◆ REQUIRED ACTION ◆
Print, please, exactly the lines from the one with "Junama Enzo 03" through the final line of the data below, with both ends included and the pictures left out.
==== MATERIAL SHOWN ====
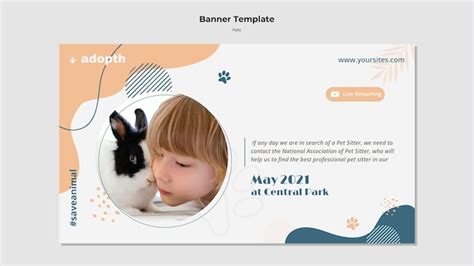 Modèle de bannière horizontale pour l'adoption d'animaux de compagnie ...
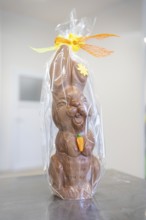 A packaged chocolate bunny with Easter decoration and orange ribbon, Easter production of regional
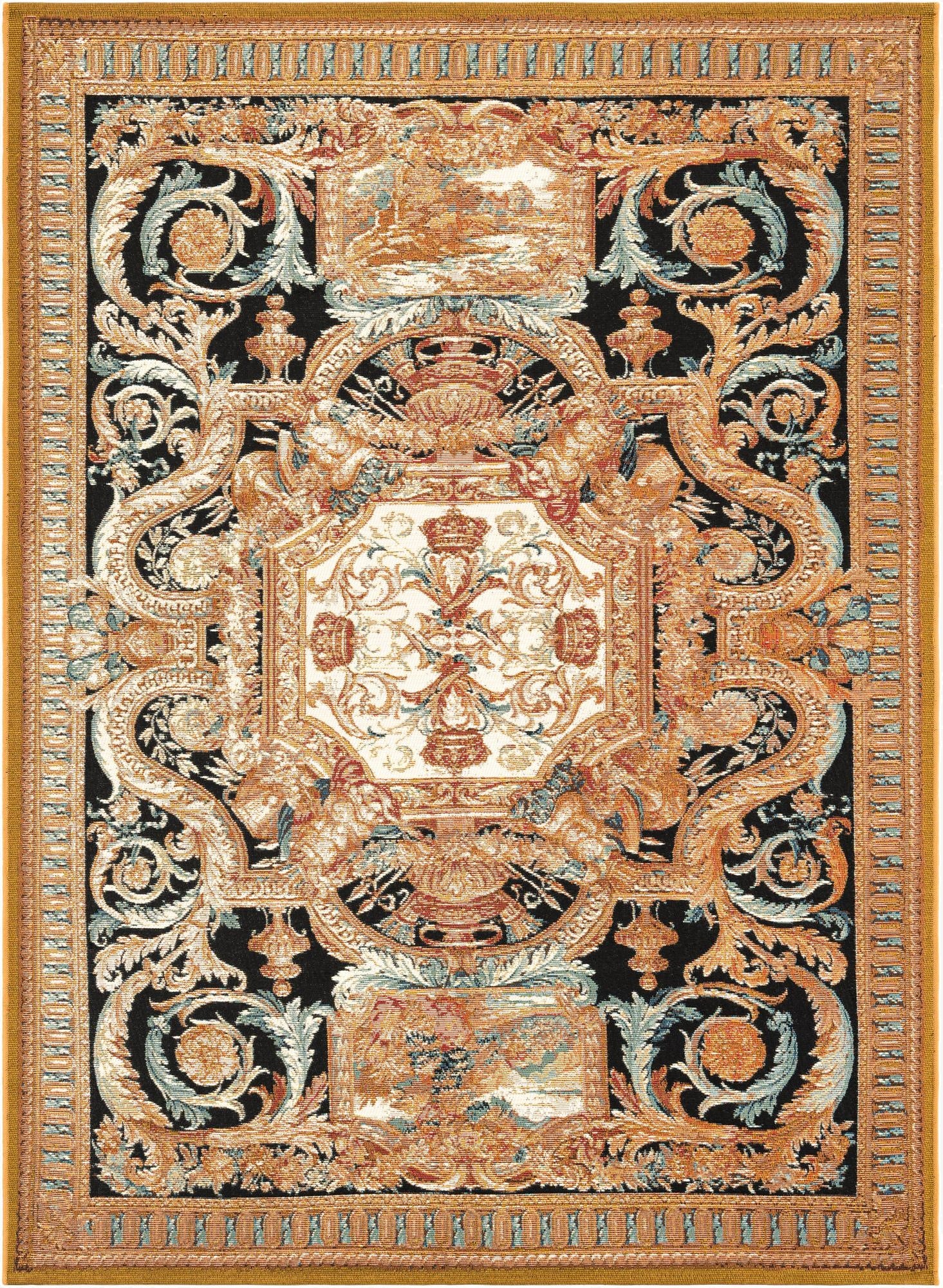  5' 3 x 7'  Washable Traditional Indoor / Outdoor Rug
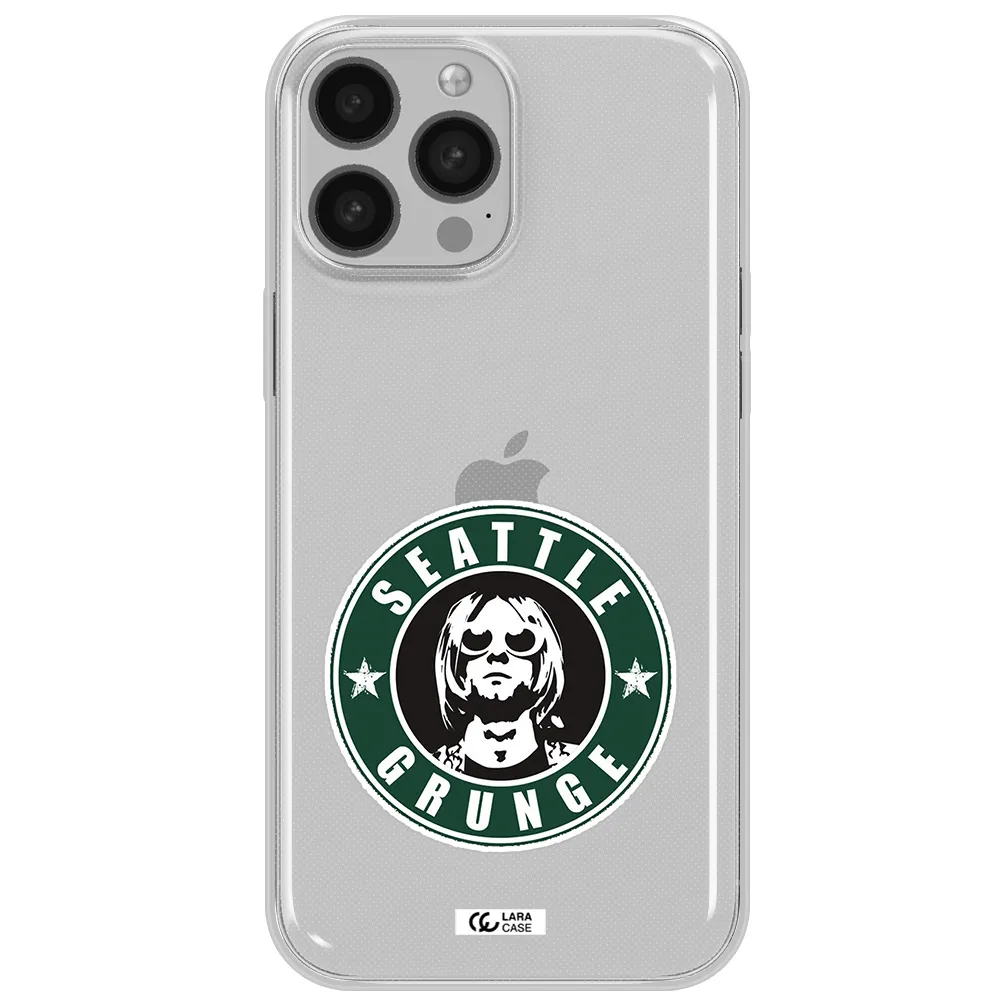 a logo with a man wearing sunglasses Apple iPhone 13 Pro Clear TPU Case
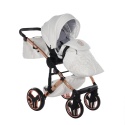 Junama Enzo 03 White - Rosegold – wózek dziecięcy 2w1 (gondola + spacerówka)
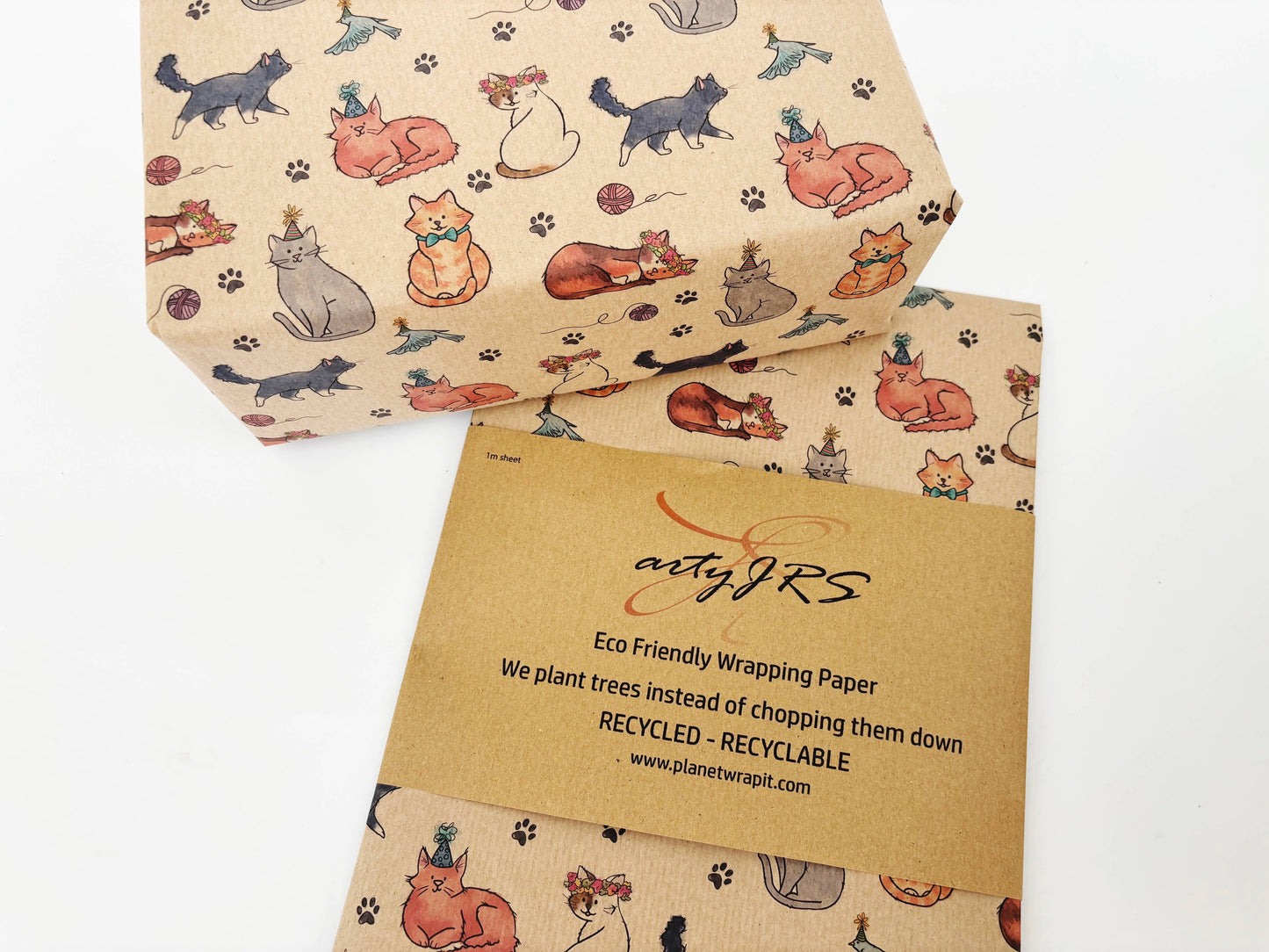 Party Cats Recycled Kraft Wrapping Paper Gift Wrap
====
◆ TASK RESULT ◆
 Junama Enzo 03 White - Rosegold – wózek dziecięcy 2w1 (gondola + spacerówka)
 Party Cats Recycled Kraft Wrapping Paper Gift Wrap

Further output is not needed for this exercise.